Ex-Shanghai Party boss accepts 18-year jail term
BEIJING (Reuters) - Shanghai's disgraced Communist Party chief, jailed for 18 years this month for corruption, has decided not to appeal, state media said on Tuesday.
Chen Liangyu was found guilty of taking bribes and abuse of power by a court in the northern port city of Tianjin on April 11, becoming the most senior Chinese official imprisoned for graft in a decade. He had been held since 2006.
Chen did not file an appeal in the 10-day period he was allowed and the sentence had thus taken "legal effect", China Central Television said.
The court also confiscated 300,000 yuan ($42,900) of Chen's assets, but cleared him of a charge of dereliction of duty.
It has said the sentence was lenient partly because Chen, widely seen as close to former state president Jiang Zemin, had showed repentance and returned the ill-gotten money.
Chen, 61, was mired in a snowballing scandal over the misuse of social security funds in China's financial hub. More than a dozen senior officials and businessmen have been implicated.
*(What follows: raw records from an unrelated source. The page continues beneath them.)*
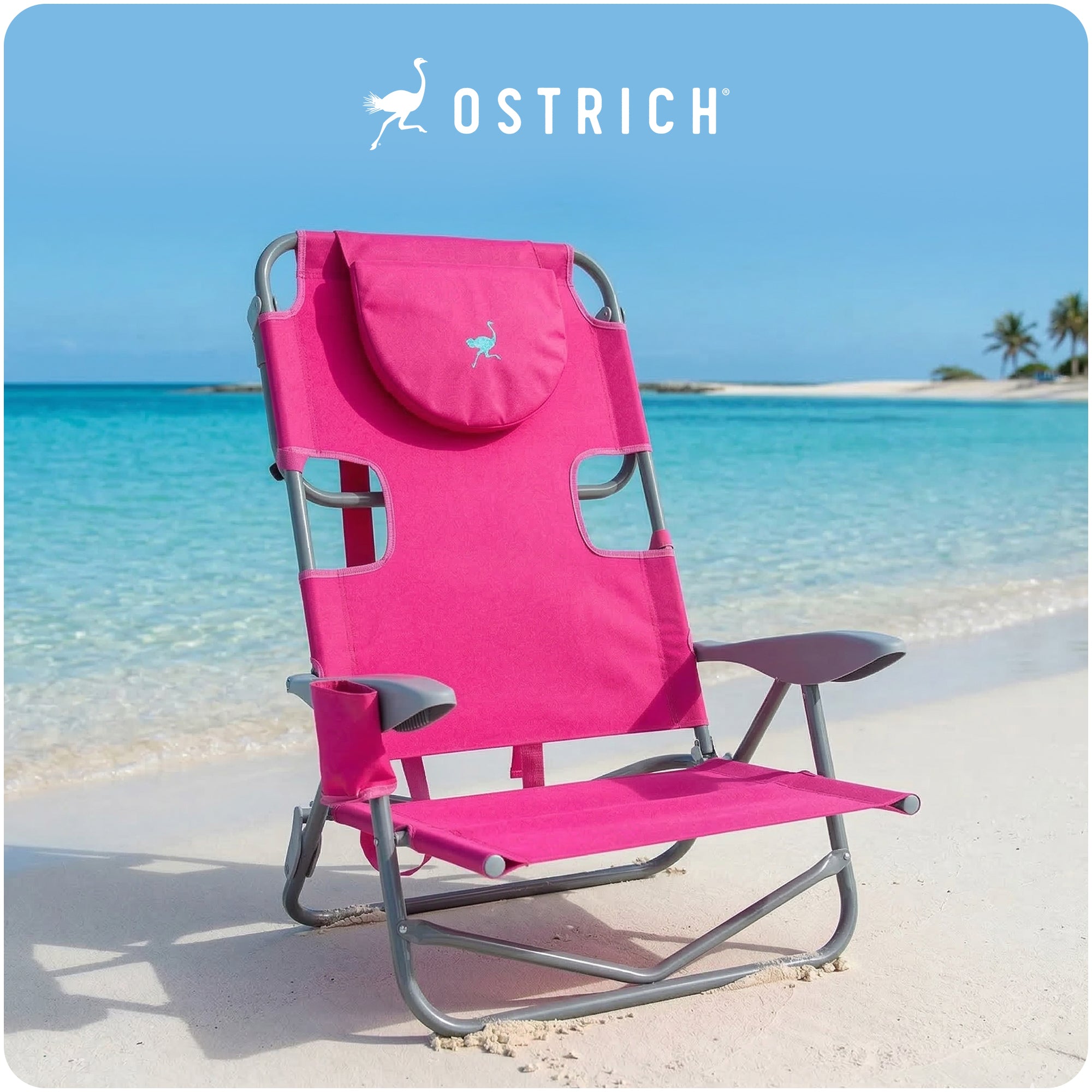 Ostrich On-Your-Back Outdoor Reclining Beach Pool Camping Chair, Pink (Open Box)
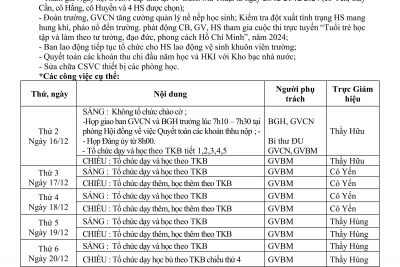 KẾ HOẠCH HOẠT ĐỘNG TUẦN 15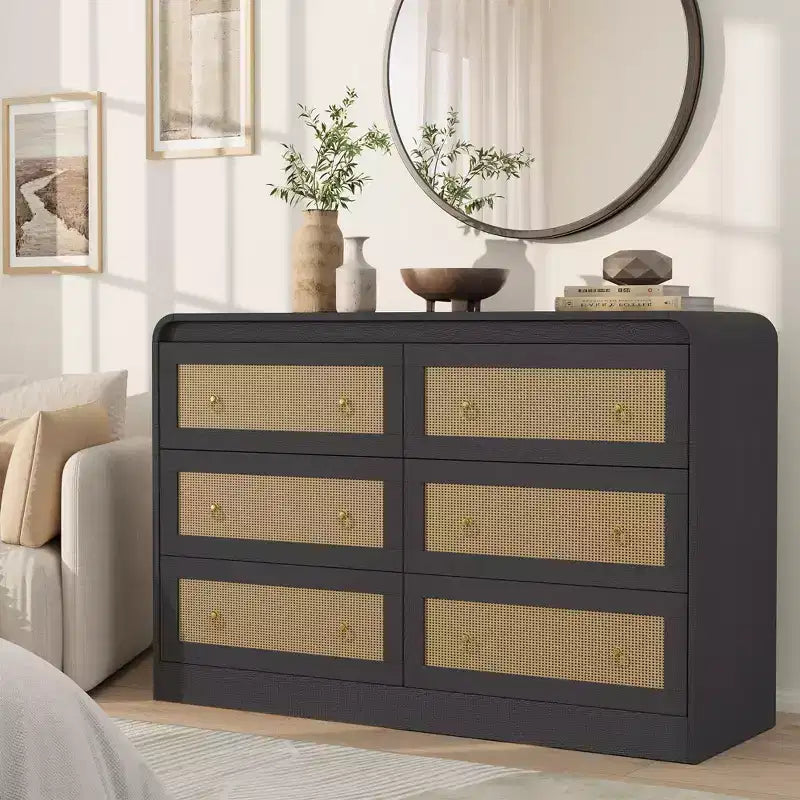 Woven-Style 6-Drawer Dresser for Bedroom, Wide Storage Chest with Textured Fronts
Chen, who lost his seat in the Communist Party's decision-making Politburo, is the highest-ranking Chinese official imprisoned for corruption since Chen Xitong was sacked as Beijing Party boss in 1995 and jailed three years later.
The Shanghai scandal broke in 2006 and involved the misappropriation of more than 30 billion yuan of the city's social security funds.
Chen was accused of illegally authorising the lending of more than 2 billion yuan of the funds to two companies, Chinese media have reported. Prosecutors also accused him of taking 2.4 million yuan in bribes.